The workflow gets contents: write to push a branch, pull-requests: write to open a PR, and actions: read to fetch the failure logs. Nothing else. No admin access, no secrets beyond the API key.

Failure classification

Not every red build should trigger a fix attempt. Infrastructure failures (disk full, OOM, network timeouts), flaky tests, and configuration issues outside the codebase are not code problems. We gate the self-healing step behind a check: only run when the build step itself fails, not when the runner or environment fails.

What It Catches

In the first two weeks, the agent successfully fixed failures across every stage of the pipeline:

**Lint errors. ** An agent left an unused import after a refactor. The repair agent removed it and the lint stage passed.
**Type errors from shared module changes. ** An agent working on feature A updated a shared type. The typecheck stage broke for feature B. The repair agent added the missing field.
**Import path mismatches. ** A file got moved during a refactor. Three other files still imported from the old path. The build failed. The repair agent updated the imports.
**Snapshot test drift. ** A UI change updated the rendered output. The existing snapshot no longer matched. The test stage failed. The repair agent regenerated the snapshots.
**E2E test regressions. ** A form component changed its markup. Two E2E tests targeted selectors that no longer existed. The repair agent updated the selectors and confirmed the tests passed.
**Screenshot test mismatches. ** A spacing change shifted the layout of a card component. The screenshot diff flagged it. The repair agent reviewed the visual change, confirmed it was intentional, and updated the baseline snapshots.

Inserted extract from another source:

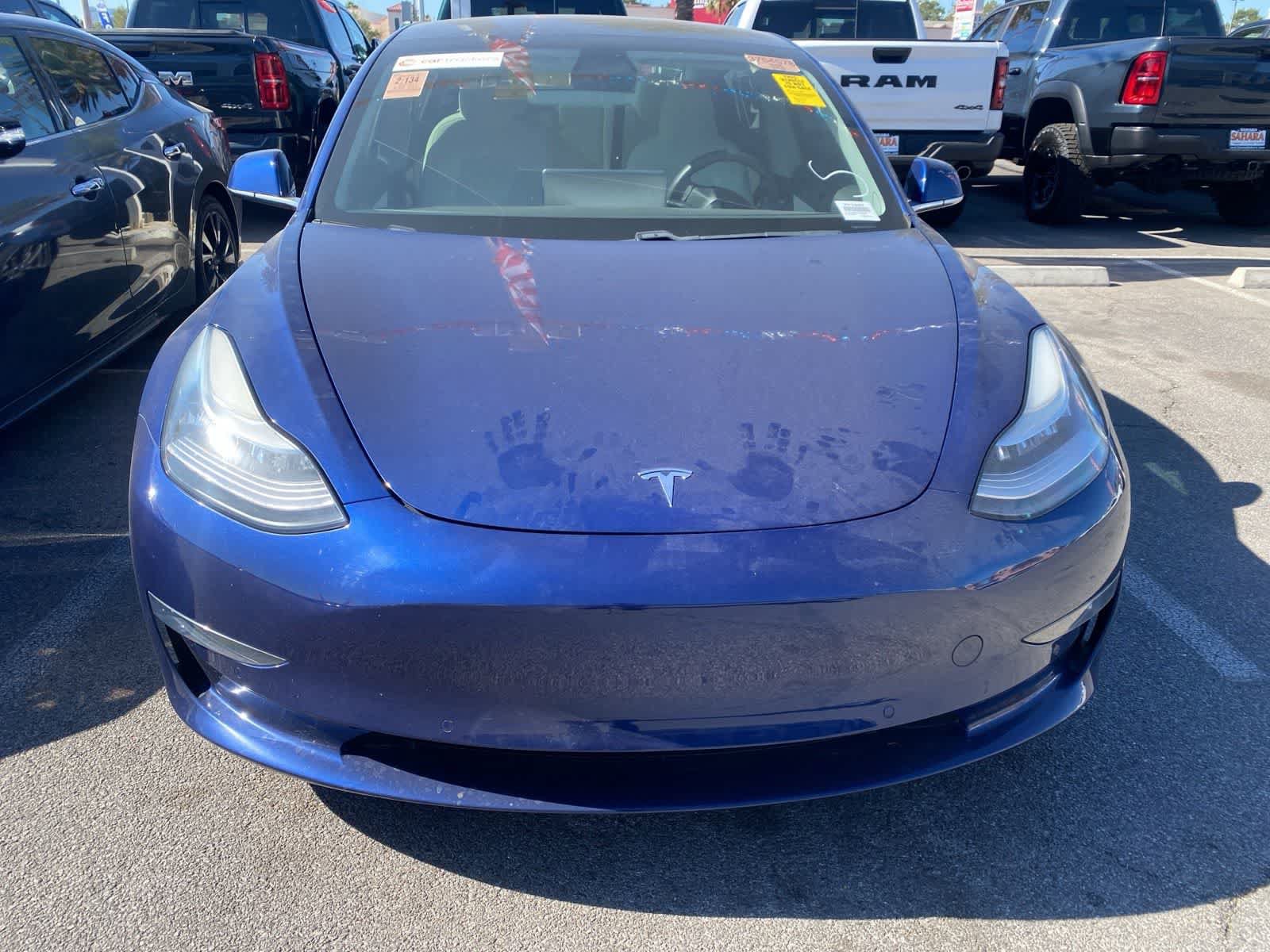 Used 2020 Tesla Model 3 Long Range AWD/4WD image 2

What it doesn't catch, and shouldn't, are architectural problems, business logic errors, and security issues. Those require human judgment. The repair agent handles the mechanical failures that are obvious from the error output. That's the majority of what breaks in CI.

What's Next

The current implementation is reactive: CI fails, agent fixes. The next step is making it proactive. Before a PR is opened, run the build in a worktree, let the agent verify the change passes CI, and only then push. The PR arrives green. The repair agent becomes a prevention agent.

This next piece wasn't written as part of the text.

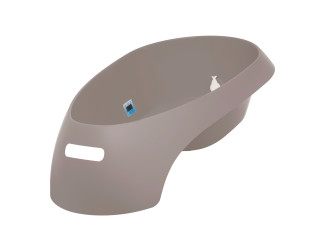 Ванна дитяча зі зливом TEGGI stone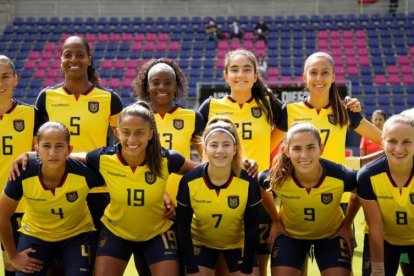 La selección femenina de Ecuador jugará dos partidos ante Argentina.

The other direction is feedback accumulation. Every fix the agent makes is a signal about what breaks most often. If the same type error from the same shared module triggers three repairs in a week, that's not a CI problem, it's an architecture problem. Surfacing those patterns turns the repair log into an early warning system.

A red pipeline used to be a tax on the team's attention. Now it's a trigger that starts an agent. The humans show up when their judgment is needed, not when a log needs reading.